Un texte répétitif et minimaliste

En discutant avec des amis cet été, certains ont avoué très franchement qu’ils trouvaient ce chapitre ennuyeux. Et à la première lecture, il y a effectivement de quoi trouver ce chapitre ennuyeux — mais à la première lecture seulement ! 

Notre question est donc la suivante : pourquoi ressentons-nous ainsi un sentiment d’ennui ? On a trouvé quelques pistes de réponse (et c’est passionnant !) :

  • 1) On s’ennuie parce que c’est méga répétitif. En effet, tout ce chapitre est construit sur un modèle où la description de chaque jour est ponctuée de formules consacrées qui reviennent immanquablement. Ça donne une impression de redite un peu lassante. Prenons 2 exemples :
    • Pour chacun des 6 jours de la création, Dieu « dit » quelque chose puis « il en est ainsi ».
    • Pour chacun des 6 jours de la création, on retrouve la même formule à la fin : « Et il y eut un soir et il y eut un matin : x-ième jour ».
       
  • 2) On s’ennuie parce que c’est hyper minimaliste. En effet, ce long poème est étonnamment très épuré, très simple, très sobre… loin des récits de création tonitruants ou dithyrambiques de l’époque. Ici, le texte biblique prend l’exact contre-pied des légendes truffées d’exagérations et hyperboles à gogo !

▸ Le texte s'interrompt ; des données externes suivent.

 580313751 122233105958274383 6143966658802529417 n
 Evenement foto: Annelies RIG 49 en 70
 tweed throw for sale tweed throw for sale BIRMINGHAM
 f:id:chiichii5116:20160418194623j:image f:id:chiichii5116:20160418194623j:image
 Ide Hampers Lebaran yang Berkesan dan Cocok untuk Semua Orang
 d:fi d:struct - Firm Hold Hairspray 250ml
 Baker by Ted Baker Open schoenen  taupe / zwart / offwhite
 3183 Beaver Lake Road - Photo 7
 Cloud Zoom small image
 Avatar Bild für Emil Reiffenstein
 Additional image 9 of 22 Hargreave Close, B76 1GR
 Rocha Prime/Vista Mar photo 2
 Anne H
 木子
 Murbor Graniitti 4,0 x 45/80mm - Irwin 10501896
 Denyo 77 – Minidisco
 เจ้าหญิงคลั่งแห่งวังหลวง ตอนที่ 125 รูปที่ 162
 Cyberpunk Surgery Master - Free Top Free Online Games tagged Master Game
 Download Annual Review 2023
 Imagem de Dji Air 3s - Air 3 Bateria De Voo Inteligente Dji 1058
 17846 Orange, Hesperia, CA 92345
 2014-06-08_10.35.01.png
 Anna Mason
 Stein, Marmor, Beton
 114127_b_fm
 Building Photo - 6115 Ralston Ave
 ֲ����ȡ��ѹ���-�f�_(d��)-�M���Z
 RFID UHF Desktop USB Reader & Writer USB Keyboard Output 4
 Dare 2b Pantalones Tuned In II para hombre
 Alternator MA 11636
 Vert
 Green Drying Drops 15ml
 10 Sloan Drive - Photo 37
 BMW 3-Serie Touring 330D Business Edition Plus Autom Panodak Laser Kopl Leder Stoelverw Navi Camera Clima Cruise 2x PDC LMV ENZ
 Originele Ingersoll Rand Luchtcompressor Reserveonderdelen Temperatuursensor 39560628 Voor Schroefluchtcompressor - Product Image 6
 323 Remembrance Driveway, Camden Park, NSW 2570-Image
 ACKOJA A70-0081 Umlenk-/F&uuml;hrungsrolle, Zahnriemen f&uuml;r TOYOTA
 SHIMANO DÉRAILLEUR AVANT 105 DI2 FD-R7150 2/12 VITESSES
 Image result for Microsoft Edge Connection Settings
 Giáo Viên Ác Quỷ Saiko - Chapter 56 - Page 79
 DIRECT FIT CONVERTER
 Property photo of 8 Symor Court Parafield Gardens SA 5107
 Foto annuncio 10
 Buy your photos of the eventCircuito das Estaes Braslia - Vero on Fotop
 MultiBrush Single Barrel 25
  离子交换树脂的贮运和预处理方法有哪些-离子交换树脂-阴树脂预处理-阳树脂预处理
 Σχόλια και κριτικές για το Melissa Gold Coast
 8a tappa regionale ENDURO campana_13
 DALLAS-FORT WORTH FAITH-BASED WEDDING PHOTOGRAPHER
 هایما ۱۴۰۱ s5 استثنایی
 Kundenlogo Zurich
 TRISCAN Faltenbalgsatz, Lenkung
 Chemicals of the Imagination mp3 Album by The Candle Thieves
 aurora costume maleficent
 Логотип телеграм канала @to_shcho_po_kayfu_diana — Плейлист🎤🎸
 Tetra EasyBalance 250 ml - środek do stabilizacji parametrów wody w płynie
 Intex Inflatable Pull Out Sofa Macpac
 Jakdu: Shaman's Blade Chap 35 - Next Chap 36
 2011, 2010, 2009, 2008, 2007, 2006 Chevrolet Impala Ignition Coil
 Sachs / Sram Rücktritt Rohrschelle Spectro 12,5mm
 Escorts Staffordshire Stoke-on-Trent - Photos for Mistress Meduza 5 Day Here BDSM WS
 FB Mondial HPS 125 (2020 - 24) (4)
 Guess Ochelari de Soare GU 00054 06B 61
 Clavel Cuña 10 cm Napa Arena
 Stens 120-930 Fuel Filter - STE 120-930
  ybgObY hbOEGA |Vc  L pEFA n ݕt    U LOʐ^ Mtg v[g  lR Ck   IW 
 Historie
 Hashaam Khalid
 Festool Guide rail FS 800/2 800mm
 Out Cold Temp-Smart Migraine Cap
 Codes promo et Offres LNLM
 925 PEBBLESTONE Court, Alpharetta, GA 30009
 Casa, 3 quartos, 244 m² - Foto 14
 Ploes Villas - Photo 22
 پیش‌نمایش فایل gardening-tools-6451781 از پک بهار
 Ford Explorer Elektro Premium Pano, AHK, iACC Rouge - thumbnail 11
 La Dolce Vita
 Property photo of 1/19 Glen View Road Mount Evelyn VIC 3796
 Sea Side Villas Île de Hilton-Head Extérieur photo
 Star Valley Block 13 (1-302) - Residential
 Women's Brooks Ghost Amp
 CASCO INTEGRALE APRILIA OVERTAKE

Répétitif et minimaliste donc… Pourtant, ces adjectifs n’ont rien de péjoratif. Au contraire ! En fait, il faut rappeler que ce texte est une sorte de long poème

Autrement dit, chaque fois revient le même refrain… au sens littéral — comme un refrain de musique qui se répète après chaque couplet ! Dit comme ça, c’est d’un coup beaucoup plus mélodieux et poétique !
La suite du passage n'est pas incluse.